My Mushroom Experience 2012
[Attention: Hey this is the final part in a series, if you want to get the full story scroll down a bit further, it’ll make much more sense.]
I was almost through the woods when I realized I was still in the woods; the mushroom analogy came back to me and I felt as though I had to start over again as a spore. I remembered that I was actually dead, my whole life flashing through my eyes, I saw how many times I had lived this life over; how many times we had lived this scenario as humans. It was as if all my beliefs were coming to a head, that 2012 was the deadline, if we didn’t all wake up to ourselves and realize this right now we would be doomed to do it all over again as spores in another world.
Now this where parts of the trip become a little hazy, it was quite early by now and the Sun’s rays were stretching through the gaps around the curtains. I felt as if we were all just molecules floating around, that nothing existed outside of our heads and the world was dreamt up by both us and God. The saddest part of it was that I then felt a great detachment from everything and everyone I had ever known, as if everything I had known had been a lie almost. The narrative of The Matrix then took on great significance. While I was a little sad I knew that the trip was on its last legs and while I hoped I would be able to remember my experiences I hoped I’d be able to feel normal about the world I was living in; my reality.
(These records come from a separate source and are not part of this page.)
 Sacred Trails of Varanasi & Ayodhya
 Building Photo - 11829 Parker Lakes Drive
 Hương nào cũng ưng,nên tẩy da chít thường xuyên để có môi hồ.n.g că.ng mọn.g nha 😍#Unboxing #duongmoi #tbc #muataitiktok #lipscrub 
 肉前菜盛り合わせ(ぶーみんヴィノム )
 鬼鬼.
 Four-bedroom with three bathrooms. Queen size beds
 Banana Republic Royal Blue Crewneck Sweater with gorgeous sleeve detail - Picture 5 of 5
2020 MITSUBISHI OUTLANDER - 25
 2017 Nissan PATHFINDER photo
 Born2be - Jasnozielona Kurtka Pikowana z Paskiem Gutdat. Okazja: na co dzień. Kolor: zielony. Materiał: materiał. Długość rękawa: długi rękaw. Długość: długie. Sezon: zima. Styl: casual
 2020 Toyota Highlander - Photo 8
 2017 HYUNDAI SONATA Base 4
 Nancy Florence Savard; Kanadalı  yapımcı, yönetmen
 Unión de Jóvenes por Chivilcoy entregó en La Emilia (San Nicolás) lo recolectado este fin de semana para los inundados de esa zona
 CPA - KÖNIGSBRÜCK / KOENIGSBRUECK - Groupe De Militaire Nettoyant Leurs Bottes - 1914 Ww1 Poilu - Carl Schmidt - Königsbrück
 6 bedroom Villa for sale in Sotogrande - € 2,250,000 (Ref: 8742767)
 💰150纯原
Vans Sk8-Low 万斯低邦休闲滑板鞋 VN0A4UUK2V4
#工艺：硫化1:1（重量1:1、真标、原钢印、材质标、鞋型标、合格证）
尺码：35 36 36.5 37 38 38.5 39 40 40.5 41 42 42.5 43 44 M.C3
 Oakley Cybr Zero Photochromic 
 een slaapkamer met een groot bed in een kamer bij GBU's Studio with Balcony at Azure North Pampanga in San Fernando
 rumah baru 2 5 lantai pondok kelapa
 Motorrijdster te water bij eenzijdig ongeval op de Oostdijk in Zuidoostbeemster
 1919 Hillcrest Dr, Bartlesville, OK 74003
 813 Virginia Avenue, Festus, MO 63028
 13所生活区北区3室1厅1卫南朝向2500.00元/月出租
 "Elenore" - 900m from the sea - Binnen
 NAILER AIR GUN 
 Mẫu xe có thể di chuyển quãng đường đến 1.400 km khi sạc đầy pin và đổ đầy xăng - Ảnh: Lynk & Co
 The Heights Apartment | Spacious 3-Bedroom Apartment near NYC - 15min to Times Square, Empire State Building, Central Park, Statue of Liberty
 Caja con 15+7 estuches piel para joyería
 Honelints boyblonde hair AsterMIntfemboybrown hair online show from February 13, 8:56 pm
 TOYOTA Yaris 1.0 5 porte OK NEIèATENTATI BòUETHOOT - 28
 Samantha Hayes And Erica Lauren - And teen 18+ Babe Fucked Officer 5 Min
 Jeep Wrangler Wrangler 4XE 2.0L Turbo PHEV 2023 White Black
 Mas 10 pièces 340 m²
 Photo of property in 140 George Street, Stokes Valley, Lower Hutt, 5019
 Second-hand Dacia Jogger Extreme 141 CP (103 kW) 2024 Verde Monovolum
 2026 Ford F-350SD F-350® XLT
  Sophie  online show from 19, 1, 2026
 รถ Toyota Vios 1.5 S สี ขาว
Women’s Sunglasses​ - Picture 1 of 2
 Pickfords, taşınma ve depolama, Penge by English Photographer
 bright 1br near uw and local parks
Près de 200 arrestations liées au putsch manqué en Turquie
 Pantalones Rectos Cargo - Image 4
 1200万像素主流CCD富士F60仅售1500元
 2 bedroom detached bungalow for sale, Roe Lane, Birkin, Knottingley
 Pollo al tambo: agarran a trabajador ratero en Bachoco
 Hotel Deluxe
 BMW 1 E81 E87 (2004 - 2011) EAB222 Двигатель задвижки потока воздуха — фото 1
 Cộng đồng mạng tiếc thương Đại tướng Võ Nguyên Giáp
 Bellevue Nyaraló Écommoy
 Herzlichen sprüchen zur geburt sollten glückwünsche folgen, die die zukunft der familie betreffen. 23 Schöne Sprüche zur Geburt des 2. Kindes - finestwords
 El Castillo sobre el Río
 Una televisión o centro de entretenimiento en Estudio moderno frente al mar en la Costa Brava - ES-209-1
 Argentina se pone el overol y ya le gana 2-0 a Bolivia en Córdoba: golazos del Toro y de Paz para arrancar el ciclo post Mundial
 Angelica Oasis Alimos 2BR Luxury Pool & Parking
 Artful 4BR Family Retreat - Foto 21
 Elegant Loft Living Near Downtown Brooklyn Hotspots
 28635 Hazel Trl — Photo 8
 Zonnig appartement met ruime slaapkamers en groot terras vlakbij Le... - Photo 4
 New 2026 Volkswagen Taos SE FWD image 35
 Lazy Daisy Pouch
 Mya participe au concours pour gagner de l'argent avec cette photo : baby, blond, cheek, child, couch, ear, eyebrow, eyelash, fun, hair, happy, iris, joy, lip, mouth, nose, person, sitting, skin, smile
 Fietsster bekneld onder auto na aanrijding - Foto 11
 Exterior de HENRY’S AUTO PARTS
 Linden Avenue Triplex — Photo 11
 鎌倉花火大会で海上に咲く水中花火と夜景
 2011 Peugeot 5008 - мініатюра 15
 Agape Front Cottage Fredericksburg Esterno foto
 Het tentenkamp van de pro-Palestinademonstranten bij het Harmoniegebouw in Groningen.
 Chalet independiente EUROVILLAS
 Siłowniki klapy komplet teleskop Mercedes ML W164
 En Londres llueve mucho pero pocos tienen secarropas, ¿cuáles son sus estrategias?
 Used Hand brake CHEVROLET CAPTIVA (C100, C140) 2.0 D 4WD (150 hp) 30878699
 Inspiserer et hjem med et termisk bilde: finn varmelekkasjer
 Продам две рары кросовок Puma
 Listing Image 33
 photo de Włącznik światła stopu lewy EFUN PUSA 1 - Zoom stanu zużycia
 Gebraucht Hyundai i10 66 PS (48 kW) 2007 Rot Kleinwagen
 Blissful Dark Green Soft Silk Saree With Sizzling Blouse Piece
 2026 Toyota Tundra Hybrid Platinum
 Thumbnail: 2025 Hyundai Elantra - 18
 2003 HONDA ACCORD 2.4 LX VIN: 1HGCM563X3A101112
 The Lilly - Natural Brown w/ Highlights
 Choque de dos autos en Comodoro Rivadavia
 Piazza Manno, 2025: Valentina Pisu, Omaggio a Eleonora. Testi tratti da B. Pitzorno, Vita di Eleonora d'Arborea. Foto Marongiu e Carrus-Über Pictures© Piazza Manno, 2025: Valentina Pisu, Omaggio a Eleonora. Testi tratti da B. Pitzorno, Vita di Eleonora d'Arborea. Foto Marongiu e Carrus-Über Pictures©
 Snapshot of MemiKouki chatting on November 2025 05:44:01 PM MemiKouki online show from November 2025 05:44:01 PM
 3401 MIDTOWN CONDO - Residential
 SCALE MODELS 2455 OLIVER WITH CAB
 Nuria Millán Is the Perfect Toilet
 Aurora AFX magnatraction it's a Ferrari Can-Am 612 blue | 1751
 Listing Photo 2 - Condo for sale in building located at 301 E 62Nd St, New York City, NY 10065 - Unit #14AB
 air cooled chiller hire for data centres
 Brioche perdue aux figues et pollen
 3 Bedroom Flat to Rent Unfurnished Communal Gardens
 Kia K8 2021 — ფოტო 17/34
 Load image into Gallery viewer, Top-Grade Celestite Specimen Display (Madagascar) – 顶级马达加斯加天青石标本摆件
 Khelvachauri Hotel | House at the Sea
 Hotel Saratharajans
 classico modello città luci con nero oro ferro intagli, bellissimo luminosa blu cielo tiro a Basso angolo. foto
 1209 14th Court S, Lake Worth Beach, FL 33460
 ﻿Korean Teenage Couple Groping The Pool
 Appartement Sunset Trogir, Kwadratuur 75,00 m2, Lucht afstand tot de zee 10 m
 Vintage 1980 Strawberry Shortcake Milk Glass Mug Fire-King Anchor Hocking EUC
Towards the end I felt by finding that Jesus shroom in each and every one one of us that he had given me a second chance to go back into life, he had resurrected me and my faith. It was the most life affirming experience ever but all at the same time I felt death a liberation like no other and while my life flashed before my eyes I could see the purpose of my own existence as me in this present life. I felt it was time to disconnect from this universal experience I was having and rejoin my body. Although I understood my purpose as being miniscule compared to the bigger picture I felt that it was a necessary part none the less.
I felt as though I had traveled through inter-dimensional space and time through a wormhole in my wall.
I believed that the chocolate had helped me travel through time, I also believed that the Aztecs and Mayans knew this and when taking mushrooms, chocolate would help you travel through time by speeding up your pulse; the song Caffeinated Consciousness by TV on the Radio had a new meaning for me now. I discovered that we and the mushrooms were connected and that aliens were nothing but our future selves checking up on us once and a while to make sure we were going down the right path.
I felt as though I had traveled through inter-dimensional space and time through a wormhole in my wall. Later I realized this was all hallucinogenic self actualization but I couldn’t ignore the feeling this knowledge was also coming from another place. I thought the Large Hadron Collider was also responsible for time travel and that we were using it to find Jesus, and even bring him back. Instead what we were doing was just tearing a hole in the fabric of time, destroying ourselves.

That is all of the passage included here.